The RNN encoder-decoder framework consists of a pair of recurrent neural
networks (RNNs). The goal of the encoder is to encode a variable
length input sentence to a fixed size vector representation. The decoder
on the other hand, takes a fixed size vector representation and produces
a variable length sentence. In a probabilistic framework, this is akin
to learning the conditional distribution
The encoder is a straightforward RNN which consists of a hidden state
The decoder is a modified RNN that will produce the next symbol
We will explore the validity of the task by two techniques on the translation quality of a parallel dataset (to be decided):
-
Phrase features : In a phrase based model, we plan to use this model to estimate phrasal similarity and use it as an additional feature in the phrase table. The SMT system will then use this feature for decoding during tuning and at test time. We hope to achieve better translation quality with this feature.
-
Phrase table pruning : As an additional test of the usefulness of this feature, we will use it to prune an existing phrase table. The main idea is that the phrase table generally contains a large number of phrase pairs that are bad (given our goodness function), and any phrase pair below a certain threshold can be eliminated. This evaluation method will remain an optional investigation and will be performed if time permits.

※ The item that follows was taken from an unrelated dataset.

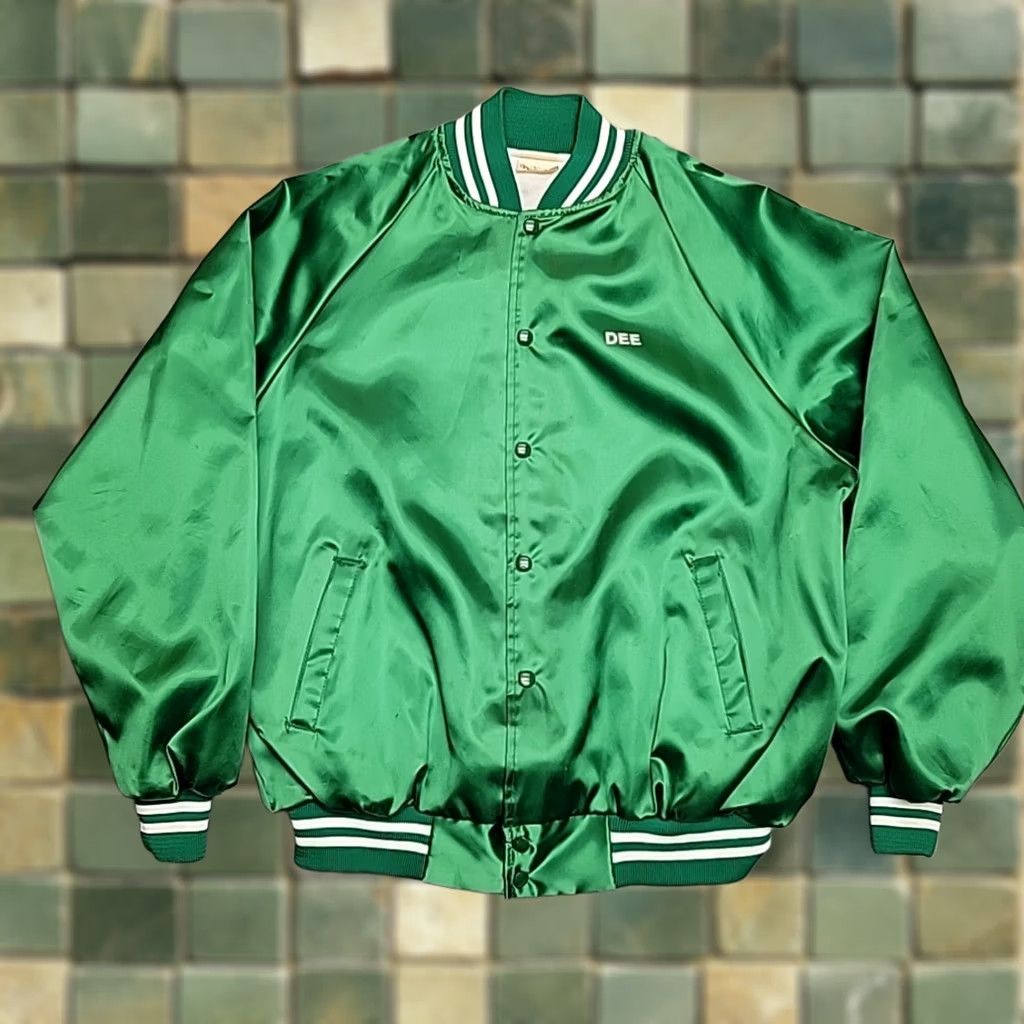 Vintage VTG Smokey Bear Jacket XL Satin Bomber Green USA Made Nike Size US XL / EU 56 / 4 - 1 Thumbnail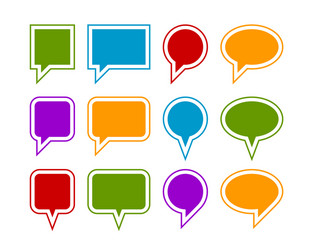 set talk bubbles speech blank empty bubble icon vector image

We plan to use two major software components for this project :
-
Theano : A python based library that allows relatively easy implementation of GPU/CPU based operations for implementing neural networks.
-
Moses : The phrase based translation system in Moses will be used and we plan to add an additional feature function for decoding. If found useful, we will contribute this feature to the Moses code base.
This section reports updates with this project since the proposal was submitted. There are two major components that have been finalized
-
Dataset and Baseline : The French-English translation task from WMT-2013 will be used to evaluate this project. The dataset from the corresponding task and partitions corresponding to train, dev and test will be used to build the phrase table, tune and evaluate respectively. The baseline system will be a phrase based SMT system built using Moses.
-
Preliminary RNN implementation : A prototype of the RNN that will be used in this task has been built and exists at https://github.com/noisychannel/mt-rnn. This version uses Theano and is built so that it can be adapted for any task. At the current moment, an example which allows one to predict tags with the ATIS data and evaluate using the CONLL evaluation setup is included.